Jeeps along the Yangtze
The new joint venture between American Motors Corporation and China represents the type of international accord that corporate executives sit up late at night dreaming about. AMC will now be coproducing Jeeps with China at a plant in Shanghai - which means that at some point not too far off AMC will likely be able to export some of those vehicles to other Asian nations in direct competition with Japan, which now dominates the Asian four-wheel-drive market.
But there is another element that is important in a political sense. Despite all the irritants between the United States and China in recent weeks, stemming from the US decision to grant asylum to tennis star Hu Na as well as Chinese criticism about American arms sales to Taiwan, the two countries are prepared to cooperate where possible. According to James Stepanek, editor of the China Business Review, the joint venture suggests that Peking wants to stress the importance of a continuing bilateral commercial relationship. Indeed, given the profound ideological, cultural, and political differences between the two nations, such a commercial relationship provides a limited but useful link.

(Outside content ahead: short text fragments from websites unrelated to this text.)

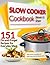 Slow Cooker Cookbook 151 Fix-And-Forget Recipes for Everyday Meal
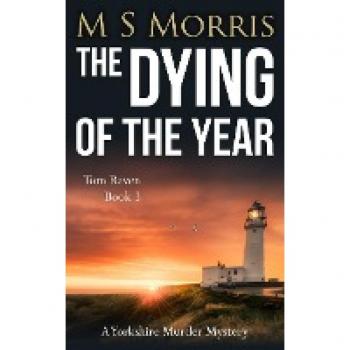 Morris, M S The Dying Of The Year: A Yorkshire Murder Mystery (Dci Tom Raven Crime Thrillers, Band 3)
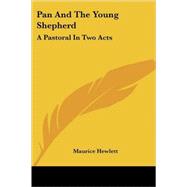 Pan and the Young Shepherd : A Pastoral in Two Acts by Hewlett, Maurice Henry, 9781417961986
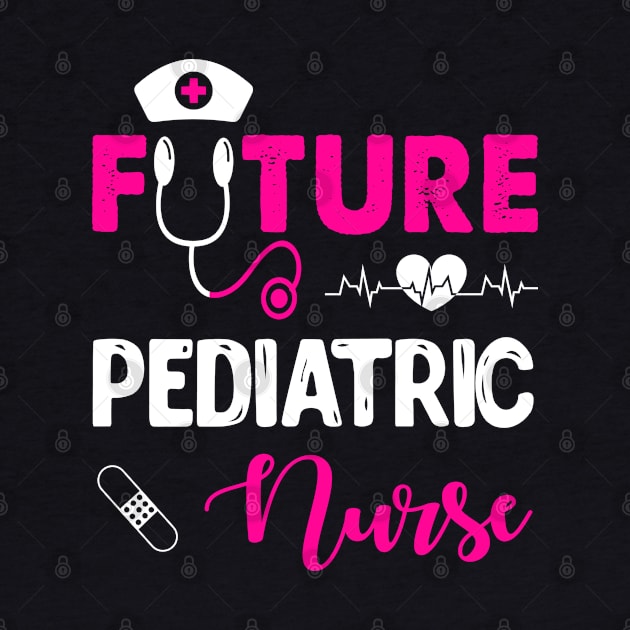 FUTURE PEDIATRIC NURSE by CoolTees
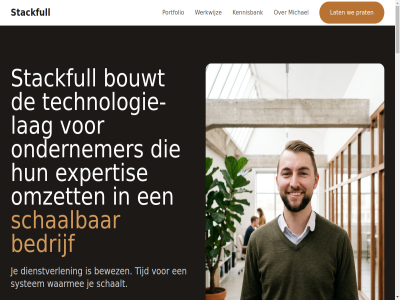 +31 1 100x 2 2026 3 32 34 37 49 6 60 90 aanmeld aanpak ai ai-dienst all allen ander bedrijf bedrijv beeld bekijk bent bestaand bestan betekent bewez blijv bottleneck bouw bouwd bouwt bracht caspar center ceo chemisch configurator consultancy contact coordinatie decennia denkt detergent development dezelfd dienst dienstverlen diep domeinexpertis druk duidelijk earcar echt eerlijk elk eruitziet expertis feedback fintech for fundingteam gag gebouwd gef gemak gesprek gevalideerd gewon goed groei groeit handmat hebt herk huiswerkklas implementatie infrastructur ingebouwd inhous integratie jou jouw juist kan kennis kennisbank klant knelpunt komt kost kostenbespar lag lancer landingspagina lang lat leeuw les levert linkedin los maakt mak marges mark match medeoprichter mee meedenkt meeschal meest mens merkt michael michael@stackfull.nl nederland nem ner nieuw nodig off offertes omzet ondernemer onlin ontbreekt onz oploss pagina partner past pijnenburg pitch platform portfolio prat precies privacybeleid process productie project projectjes prototyp rotterdam s sam samenwerk sas schaalbar schaalt schal simpel situaties snap sneller softwar spin spin-off stackfull standaard sted system team technisch technologie technologie-lag terechtkom termijn testmaterial tijd toegank tol transformeerd uitbreid uniek vanuit ventur verbeter verbind verhal vertaalslag vertel verwerkt visie waarmee waarschijn we websit werk werkend werkt werkwijz wet wilt ziet zinvol zit zoekt zolang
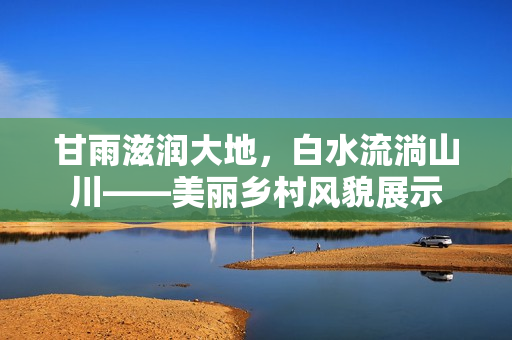 甘雨滋润大地，白水流淌山川——美丽乡村风貌展示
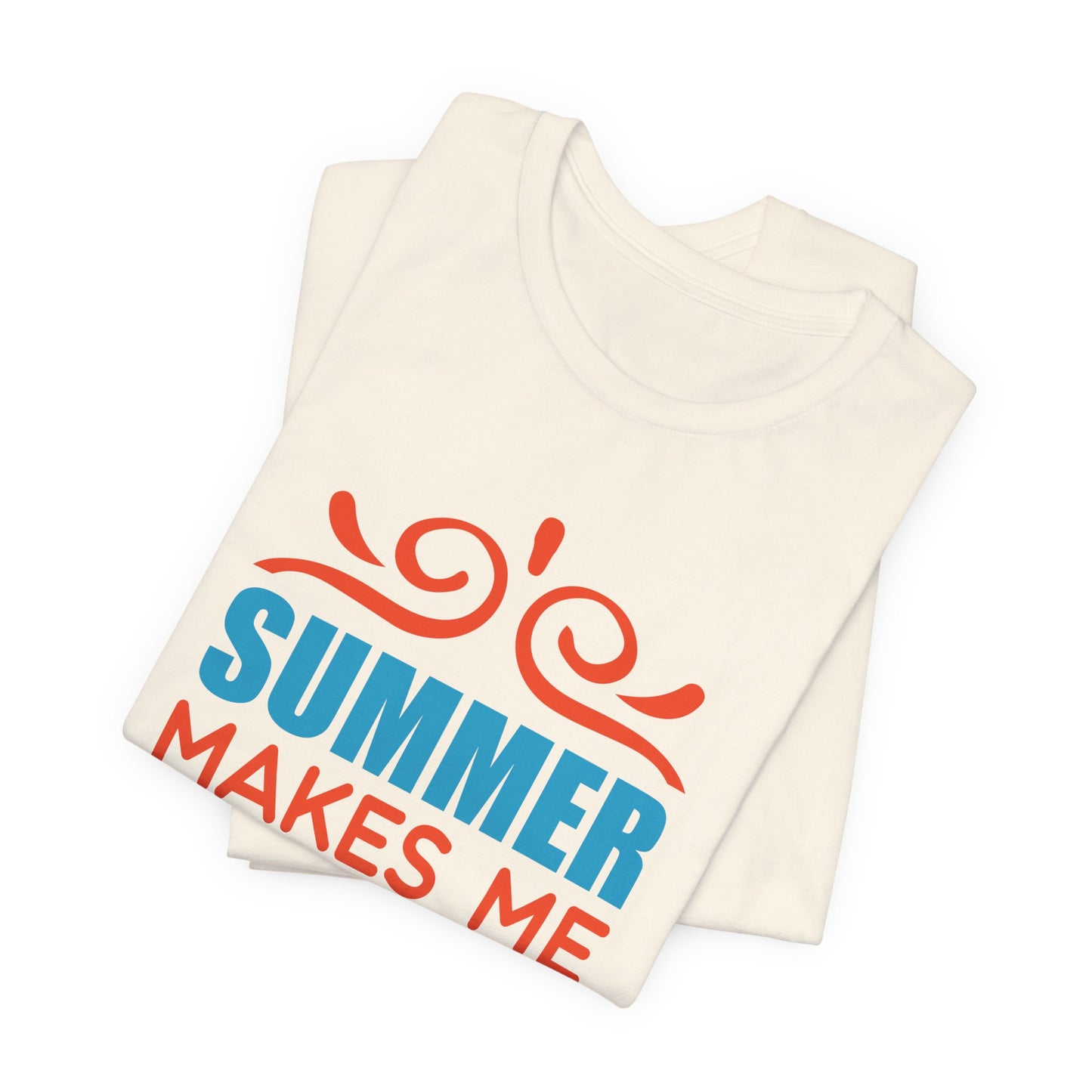 Summer Makes Me Happy - Unisex Jersey Short Sleeve Tee - 13189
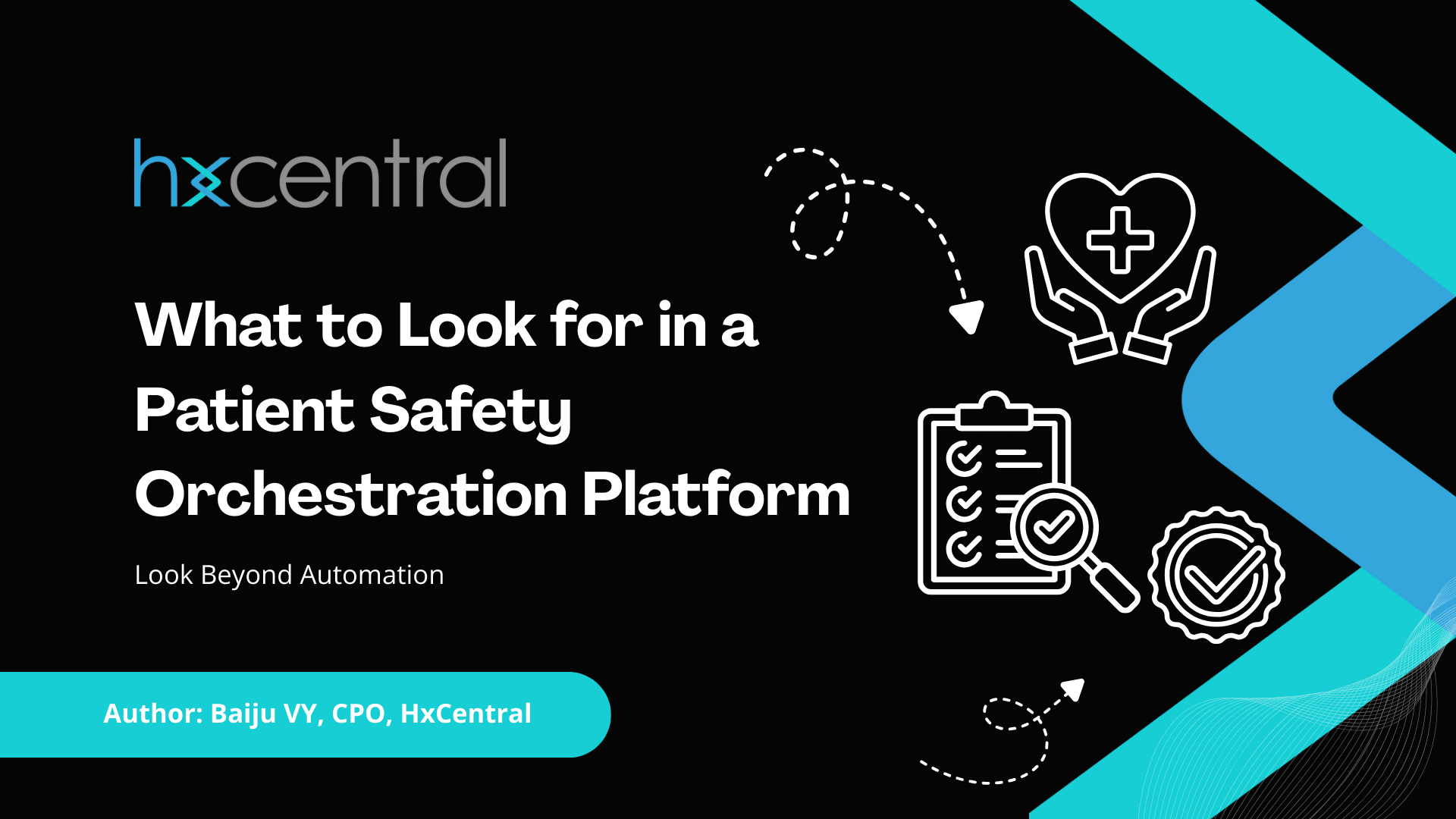 Patient Safety Orchestration Platform Evaluation HxCentral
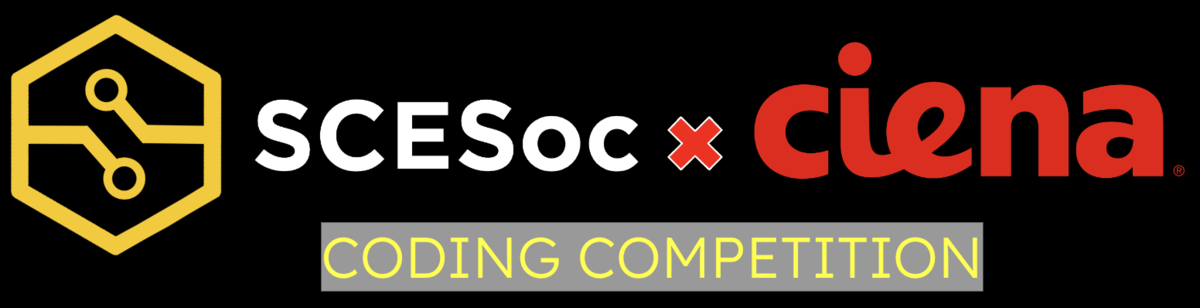 Ciena X SCESoc Coding Competition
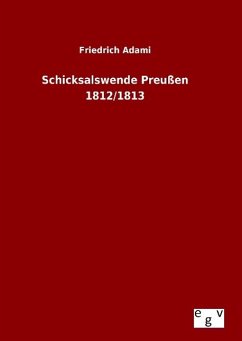 Schicksalswende Preußen 1812/1813 - Adami, Friedrich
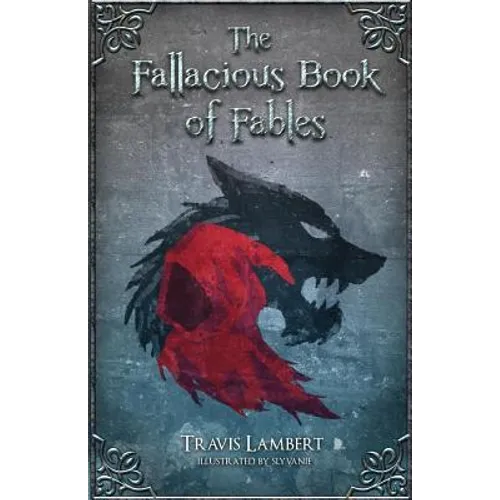 The Fallacious Book of Fables: Learn Logic Through Fairy Tales - Paperback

Peking has taken a number of important steps in recent months to encourage joint ventures. It has lowered the withholding tax rate, which enables overseas firms to repatriate profits more easily than was the case in previous years; and it has waived import duties on raw materials and equipment used in joint ventures. These efforts towards accommodation in the commercial sphere indicate how eager Peking is to develop more joint ventures after the dropoff in such activity in 1981 and 1982, in large part because of world recession and concerns on the part of some overseas firms that China was too difficult to deal with in business arrangements.
The AMC-China accord is only one of a number of large-scale ventures now in progress. R.J. Reynolds, Occidental Petroleum, and Avon Products are among the US firms participating in such ventures. Firms from other nations are also involved, including Volkswagen of West Germany, which will be producing a new passenger car in 1988. The AMC agreement, however, is the first between China and a US automaker. Ford has been seeking an agreement to produce trucks and tractors.
China and American Motors deserve plaudits for working out a commercial alliance that can only prove beneficial to everyone involved.